Sin embargo, Mera no menciona para nada otro sangriento levantamiento protagonizado por los indígenas de Yaruquíes, Cajabamba y Punín, en la misma provincia de Chimborazo, que sucedió en un tiempo más cercano a la escritura y publicación de su novela. El levantamiento, que tuvo su momento cumbre en diciembre de 1871, terminó con el fusilamiento de Manuela León, que lideró la toma de Punín, el 8 de enero de 1872, y de Fernando Daquilema, el 8 de abril del mismo año, por haberse proclamado Rey de Cacha y liderado la sublevación. En este siglo, el 5 de noviembre de 2010, la Asamblea Nacional del Ecuador, por resolución unánime, declaró a Fernando Daquilema y Manuela León como héroe y heroína nacionales. Y si bien el gesto legislativo tiene un enorme valor simbólico, por sí solo no genera una política pública que contribuya a cerrar esa herida inicial que aún permanece abierta.

Al igual que Mera, Juan Montalvo, desde el romanticismo liberal, en su ensayo «Indios», aparecido en su periódico El Espectador, en 1887, escribe la célebre frase: «Si mi pluma tuviese don de lágrimas, yo escribiría un libro titulado “El indio”, y haría llorar al mundo», y, más adelante, dice: «Las razas oprimidas y envilecidas [se refiere tanto a indios como a negros] durante trescientos años, necesitan ochocientos para volver en sí y reconocer su derecho de igualdad ante Dios y la justicia». No obstante, Montalvo se opone a una reforma a la tenencia de la tierra y reduce el problema a una cuestión moral, ya que los pesares del indio, a quien hay que civilizar pues representa la barbarie, se deben a  la existencia de amos y autoridades malos que se unen para ejercer tiranía contra “las razas oprimidas”.

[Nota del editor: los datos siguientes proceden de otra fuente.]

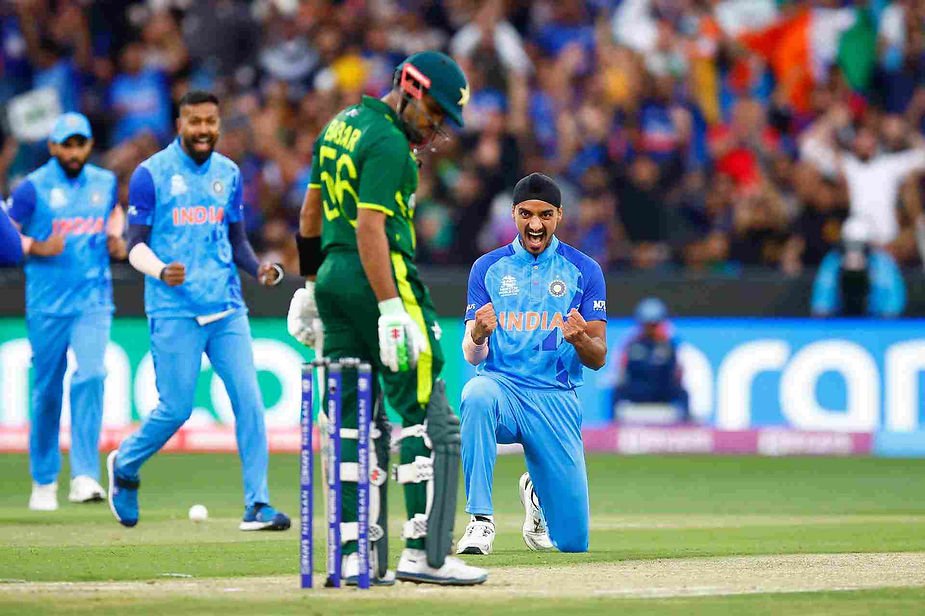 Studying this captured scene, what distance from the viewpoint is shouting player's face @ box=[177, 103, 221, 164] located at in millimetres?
10312

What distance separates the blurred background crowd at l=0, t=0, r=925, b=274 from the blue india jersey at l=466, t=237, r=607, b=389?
826 centimetres

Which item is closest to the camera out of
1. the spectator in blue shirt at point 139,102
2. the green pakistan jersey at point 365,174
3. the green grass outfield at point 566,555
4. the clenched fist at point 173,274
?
the green grass outfield at point 566,555

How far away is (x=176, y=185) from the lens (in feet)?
33.8

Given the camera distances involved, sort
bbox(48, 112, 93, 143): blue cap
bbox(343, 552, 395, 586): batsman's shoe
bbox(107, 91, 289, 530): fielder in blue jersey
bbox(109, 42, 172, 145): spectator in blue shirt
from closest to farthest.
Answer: bbox(343, 552, 395, 586): batsman's shoe, bbox(107, 91, 289, 530): fielder in blue jersey, bbox(48, 112, 93, 143): blue cap, bbox(109, 42, 172, 145): spectator in blue shirt

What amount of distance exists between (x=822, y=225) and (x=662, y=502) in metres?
6.02

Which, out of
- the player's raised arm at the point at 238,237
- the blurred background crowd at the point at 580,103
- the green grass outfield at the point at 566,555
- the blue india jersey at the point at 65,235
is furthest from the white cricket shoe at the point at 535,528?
the blurred background crowd at the point at 580,103

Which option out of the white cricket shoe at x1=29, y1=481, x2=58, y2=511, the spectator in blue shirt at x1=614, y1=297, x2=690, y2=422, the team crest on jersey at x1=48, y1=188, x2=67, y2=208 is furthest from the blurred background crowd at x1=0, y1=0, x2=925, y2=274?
the white cricket shoe at x1=29, y1=481, x2=58, y2=511

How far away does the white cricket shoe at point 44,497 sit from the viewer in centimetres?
1168

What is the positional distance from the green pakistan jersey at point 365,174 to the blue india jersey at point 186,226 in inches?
122

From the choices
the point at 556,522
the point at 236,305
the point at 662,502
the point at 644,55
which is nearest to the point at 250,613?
the point at 556,522

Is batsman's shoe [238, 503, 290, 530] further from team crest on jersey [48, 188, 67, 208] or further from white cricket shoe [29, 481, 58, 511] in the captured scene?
team crest on jersey [48, 188, 67, 208]

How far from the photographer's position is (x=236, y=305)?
10430 mm

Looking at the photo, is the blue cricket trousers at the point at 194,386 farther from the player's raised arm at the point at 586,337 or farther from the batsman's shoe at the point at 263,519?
the player's raised arm at the point at 586,337

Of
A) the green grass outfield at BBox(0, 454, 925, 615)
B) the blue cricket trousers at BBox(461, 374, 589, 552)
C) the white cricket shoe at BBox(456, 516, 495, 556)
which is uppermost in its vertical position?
the blue cricket trousers at BBox(461, 374, 589, 552) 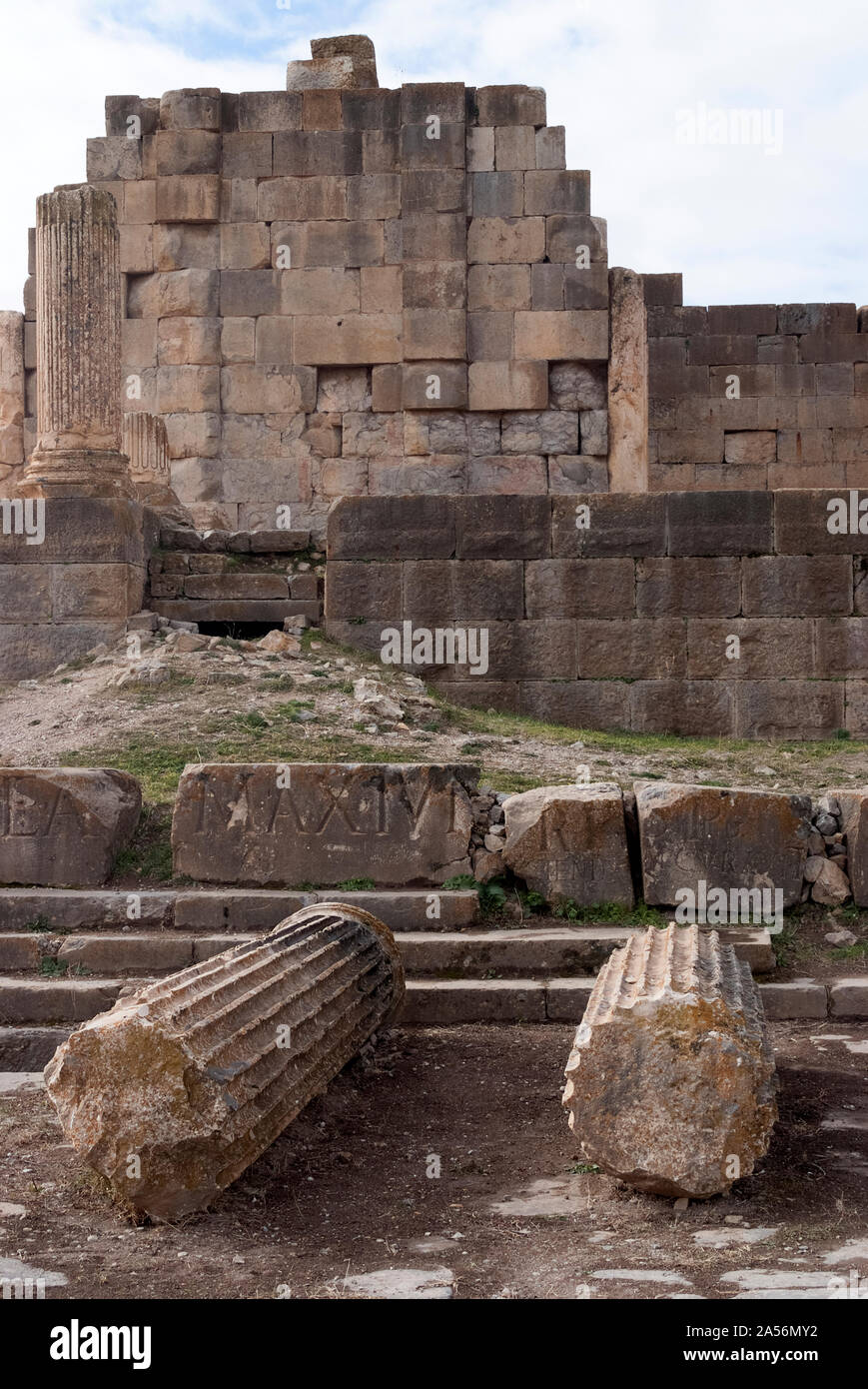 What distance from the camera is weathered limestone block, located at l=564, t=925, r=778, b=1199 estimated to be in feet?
15.3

Esta realidad de dos mundos que viven de forma paralela, en términos culturales, y con enormes desigualdades respecto de la participación en la renta del Estado, se extiende, con particularidades y matices, hasta nuestros días. No obstante, en medio de esa confrontación, los pueblos originarios han aprendido a negociar con el Estado ciertos derechos básicos y obras elementales para su vida cotidiana e incorporación en el mercado local. Mas, la herida original como ruptura de nacimiento implantó en el país un racismo permanente que se manifiesta en explosión social y represión violentas de tiempo en tiempo, pero que se expresa como violencia cotidiana en todo momento. 


Nota: Las fotos de Manuela León y Fernando Daquilema fueron tomadas por el fotógrafo francés Leonce Labaure, asentado en Guayaquil, hacia 1872. Están en el Archivo Leibniz-Institut für Länderkunde. Leipzig, Alemania, colección Alphons Stübel.



[1] Rosario Coronel Feijóo, «Los indios de Riobamba y la revolución de Quito: 1757-1814» Procesos. Revista Ecuatoriana de Historia, No. 30 (II semestre 2009), 122.

[2] Juan León Mera, Cumandá o un drama entre salvajes [1879], estudio preliminar y edición crítica de Trinidad Barrera (Sevilla: Ediciones Alfar, 1998), 104 y 105.